:: Problem to work on ::
Find the line holding "Spinbookie Casino —" in the entries below. Give it again exactly, along with every line after it up to and including the line holding "Grillkorv Hot Dogs Orginal 500g Scan".

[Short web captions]
BEGIN

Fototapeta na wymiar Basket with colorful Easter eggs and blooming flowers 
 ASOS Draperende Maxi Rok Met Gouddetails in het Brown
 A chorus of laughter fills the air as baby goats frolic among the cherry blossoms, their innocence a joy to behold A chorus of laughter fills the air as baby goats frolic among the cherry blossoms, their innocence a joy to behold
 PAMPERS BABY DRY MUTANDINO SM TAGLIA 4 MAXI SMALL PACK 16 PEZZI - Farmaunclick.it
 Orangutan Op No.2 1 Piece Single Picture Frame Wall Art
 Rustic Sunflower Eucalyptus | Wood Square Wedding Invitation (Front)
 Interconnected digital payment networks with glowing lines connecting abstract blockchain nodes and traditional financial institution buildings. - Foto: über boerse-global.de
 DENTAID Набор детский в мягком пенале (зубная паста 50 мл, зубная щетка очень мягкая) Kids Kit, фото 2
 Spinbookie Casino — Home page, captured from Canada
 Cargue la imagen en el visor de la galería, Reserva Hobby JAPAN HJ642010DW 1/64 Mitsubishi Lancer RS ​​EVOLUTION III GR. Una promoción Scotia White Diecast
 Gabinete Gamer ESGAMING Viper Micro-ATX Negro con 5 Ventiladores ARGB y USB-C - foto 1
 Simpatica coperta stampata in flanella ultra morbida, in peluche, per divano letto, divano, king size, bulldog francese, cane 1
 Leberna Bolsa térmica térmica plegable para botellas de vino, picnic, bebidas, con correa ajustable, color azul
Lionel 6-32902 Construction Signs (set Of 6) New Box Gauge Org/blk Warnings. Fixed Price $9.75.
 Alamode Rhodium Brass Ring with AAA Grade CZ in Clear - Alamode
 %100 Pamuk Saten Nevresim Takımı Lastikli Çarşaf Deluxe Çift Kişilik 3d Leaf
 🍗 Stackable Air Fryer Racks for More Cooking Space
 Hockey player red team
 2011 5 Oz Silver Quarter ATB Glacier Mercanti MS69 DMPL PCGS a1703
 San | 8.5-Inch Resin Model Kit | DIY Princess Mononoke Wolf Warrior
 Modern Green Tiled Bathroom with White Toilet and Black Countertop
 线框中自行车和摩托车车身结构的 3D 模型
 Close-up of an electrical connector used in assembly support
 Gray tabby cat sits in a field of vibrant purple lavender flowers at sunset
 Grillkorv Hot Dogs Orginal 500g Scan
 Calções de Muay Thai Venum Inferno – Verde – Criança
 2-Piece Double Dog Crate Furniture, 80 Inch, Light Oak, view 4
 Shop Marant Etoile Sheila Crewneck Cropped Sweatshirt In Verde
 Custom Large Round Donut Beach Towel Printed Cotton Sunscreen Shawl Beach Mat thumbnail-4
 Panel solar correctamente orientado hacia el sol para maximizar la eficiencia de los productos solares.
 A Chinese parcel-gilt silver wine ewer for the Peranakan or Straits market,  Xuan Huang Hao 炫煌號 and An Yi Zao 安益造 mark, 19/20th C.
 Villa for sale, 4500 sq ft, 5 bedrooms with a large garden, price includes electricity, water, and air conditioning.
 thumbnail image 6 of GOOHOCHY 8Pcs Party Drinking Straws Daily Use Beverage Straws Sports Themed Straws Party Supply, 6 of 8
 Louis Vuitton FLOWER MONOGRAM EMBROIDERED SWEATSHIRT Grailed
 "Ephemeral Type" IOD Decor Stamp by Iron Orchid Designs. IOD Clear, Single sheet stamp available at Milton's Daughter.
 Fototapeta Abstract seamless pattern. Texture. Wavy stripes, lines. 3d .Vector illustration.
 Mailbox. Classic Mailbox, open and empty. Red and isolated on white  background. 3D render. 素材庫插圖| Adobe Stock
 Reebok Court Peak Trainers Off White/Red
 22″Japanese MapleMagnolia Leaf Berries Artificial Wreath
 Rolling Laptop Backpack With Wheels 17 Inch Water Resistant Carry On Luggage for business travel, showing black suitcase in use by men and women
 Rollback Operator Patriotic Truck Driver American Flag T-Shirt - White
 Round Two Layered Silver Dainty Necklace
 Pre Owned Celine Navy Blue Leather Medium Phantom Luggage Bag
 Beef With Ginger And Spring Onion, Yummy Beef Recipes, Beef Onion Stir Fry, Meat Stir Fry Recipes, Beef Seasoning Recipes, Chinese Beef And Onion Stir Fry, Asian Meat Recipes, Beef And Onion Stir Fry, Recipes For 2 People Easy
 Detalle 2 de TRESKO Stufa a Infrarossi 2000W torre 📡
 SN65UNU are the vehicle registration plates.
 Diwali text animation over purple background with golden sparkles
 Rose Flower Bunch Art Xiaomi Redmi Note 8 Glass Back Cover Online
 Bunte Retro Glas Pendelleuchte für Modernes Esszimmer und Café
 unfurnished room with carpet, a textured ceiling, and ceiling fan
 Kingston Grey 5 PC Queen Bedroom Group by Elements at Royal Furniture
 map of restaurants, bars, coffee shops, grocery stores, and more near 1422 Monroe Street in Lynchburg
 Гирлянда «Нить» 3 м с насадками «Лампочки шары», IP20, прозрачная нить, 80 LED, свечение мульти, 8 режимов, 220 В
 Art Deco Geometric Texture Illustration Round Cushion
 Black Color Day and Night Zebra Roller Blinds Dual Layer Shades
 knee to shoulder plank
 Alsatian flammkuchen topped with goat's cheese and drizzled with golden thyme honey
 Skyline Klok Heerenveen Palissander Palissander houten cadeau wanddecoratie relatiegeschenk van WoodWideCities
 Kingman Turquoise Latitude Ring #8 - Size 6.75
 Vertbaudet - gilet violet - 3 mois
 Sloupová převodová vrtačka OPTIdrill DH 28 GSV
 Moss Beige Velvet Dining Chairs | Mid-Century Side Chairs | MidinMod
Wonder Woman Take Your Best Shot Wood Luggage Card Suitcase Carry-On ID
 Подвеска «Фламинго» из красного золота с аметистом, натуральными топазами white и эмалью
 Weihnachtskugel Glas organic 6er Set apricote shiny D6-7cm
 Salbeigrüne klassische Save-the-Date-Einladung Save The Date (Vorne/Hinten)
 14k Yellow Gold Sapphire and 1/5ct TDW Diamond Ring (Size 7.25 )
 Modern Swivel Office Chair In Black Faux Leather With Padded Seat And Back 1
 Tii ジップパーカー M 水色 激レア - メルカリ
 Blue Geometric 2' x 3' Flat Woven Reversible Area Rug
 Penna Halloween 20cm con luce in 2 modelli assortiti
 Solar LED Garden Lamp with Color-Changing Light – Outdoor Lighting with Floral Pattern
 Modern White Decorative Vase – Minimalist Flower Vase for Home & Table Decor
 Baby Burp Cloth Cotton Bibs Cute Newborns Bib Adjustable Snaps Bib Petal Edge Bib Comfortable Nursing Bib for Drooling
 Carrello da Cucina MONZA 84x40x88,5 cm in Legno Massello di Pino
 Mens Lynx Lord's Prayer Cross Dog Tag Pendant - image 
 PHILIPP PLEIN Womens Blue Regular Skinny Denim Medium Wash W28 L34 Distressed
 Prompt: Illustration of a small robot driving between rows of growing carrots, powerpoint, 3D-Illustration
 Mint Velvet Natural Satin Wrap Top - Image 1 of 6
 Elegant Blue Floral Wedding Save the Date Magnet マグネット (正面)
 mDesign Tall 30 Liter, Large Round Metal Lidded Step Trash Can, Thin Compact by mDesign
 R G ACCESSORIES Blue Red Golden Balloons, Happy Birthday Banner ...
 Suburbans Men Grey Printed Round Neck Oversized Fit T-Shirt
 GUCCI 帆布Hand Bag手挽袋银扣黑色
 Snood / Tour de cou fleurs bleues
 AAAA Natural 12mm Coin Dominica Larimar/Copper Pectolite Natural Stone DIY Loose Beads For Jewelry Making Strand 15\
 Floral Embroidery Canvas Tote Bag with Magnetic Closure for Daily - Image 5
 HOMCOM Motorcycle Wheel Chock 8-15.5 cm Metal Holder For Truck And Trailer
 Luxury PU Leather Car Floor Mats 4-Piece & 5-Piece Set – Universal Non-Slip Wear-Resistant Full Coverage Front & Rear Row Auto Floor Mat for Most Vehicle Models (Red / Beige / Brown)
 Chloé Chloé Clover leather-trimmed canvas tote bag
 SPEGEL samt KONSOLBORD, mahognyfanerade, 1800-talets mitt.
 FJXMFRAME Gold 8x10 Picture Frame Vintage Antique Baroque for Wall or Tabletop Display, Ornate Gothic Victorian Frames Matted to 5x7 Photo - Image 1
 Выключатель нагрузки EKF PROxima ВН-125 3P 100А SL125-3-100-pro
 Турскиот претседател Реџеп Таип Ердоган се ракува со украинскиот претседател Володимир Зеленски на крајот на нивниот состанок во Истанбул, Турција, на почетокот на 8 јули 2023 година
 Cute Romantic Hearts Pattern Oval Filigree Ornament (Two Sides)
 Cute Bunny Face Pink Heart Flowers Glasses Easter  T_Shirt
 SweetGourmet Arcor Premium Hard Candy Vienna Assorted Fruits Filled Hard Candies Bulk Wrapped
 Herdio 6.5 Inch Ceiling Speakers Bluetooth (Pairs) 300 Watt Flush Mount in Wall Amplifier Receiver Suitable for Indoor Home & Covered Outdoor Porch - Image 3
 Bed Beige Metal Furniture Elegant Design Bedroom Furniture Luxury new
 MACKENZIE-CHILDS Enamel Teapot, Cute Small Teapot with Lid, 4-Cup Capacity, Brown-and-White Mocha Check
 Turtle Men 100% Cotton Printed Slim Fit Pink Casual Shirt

END

:: The completed task ::
 Spinbookie Casino — Home page, captured from Canada
 Cargue la imagen en el visor de la galería, Reserva Hobby JAPAN HJ642010DW 1/64 Mitsubishi Lancer RS ​​EVOLUTION III GR. Una promoción Scotia White Diecast
 Gabinete Gamer ESGAMING Viper Micro-ATX Negro con 5 Ventiladores ARGB y USB-C - foto 1
 Simpatica coperta stampata in flanella ultra morbida, in peluche, per divano letto, divano, king size, bulldog francese, cane 1
 Leberna Bolsa térmica térmica plegable para botellas de vino, picnic, bebidas, con correa ajustable, color azul
Lionel 6-32902 Construction Signs (set Of 6) New Box Gauge Org/blk Warnings. Fixed Price $9.75.
 Alamode Rhodium Brass Ring with AAA Grade CZ in Clear - Alamode
 %100 Pamuk Saten Nevresim Takımı Lastikli Çarşaf Deluxe Çift Kişilik 3d Leaf
 🍗 Stackable Air Fryer Racks for More Cooking Space
 Hockey player red team
 2011 5 Oz Silver Quarter ATB Glacier Mercanti MS69 DMPL PCGS a1703
 San | 8.5-Inch Resin Model Kit | DIY Princess Mononoke Wolf Warrior
 Modern Green Tiled Bathroom with White Toilet and Black Countertop
 线框中自行车和摩托车车身结构的 3D 模型
 Close-up of an electrical connector used in assembly support
 Gray tabby cat sits in a field of vibrant purple lavender flowers at sunset
 Grillkorv Hot Dogs Orginal 500g Scan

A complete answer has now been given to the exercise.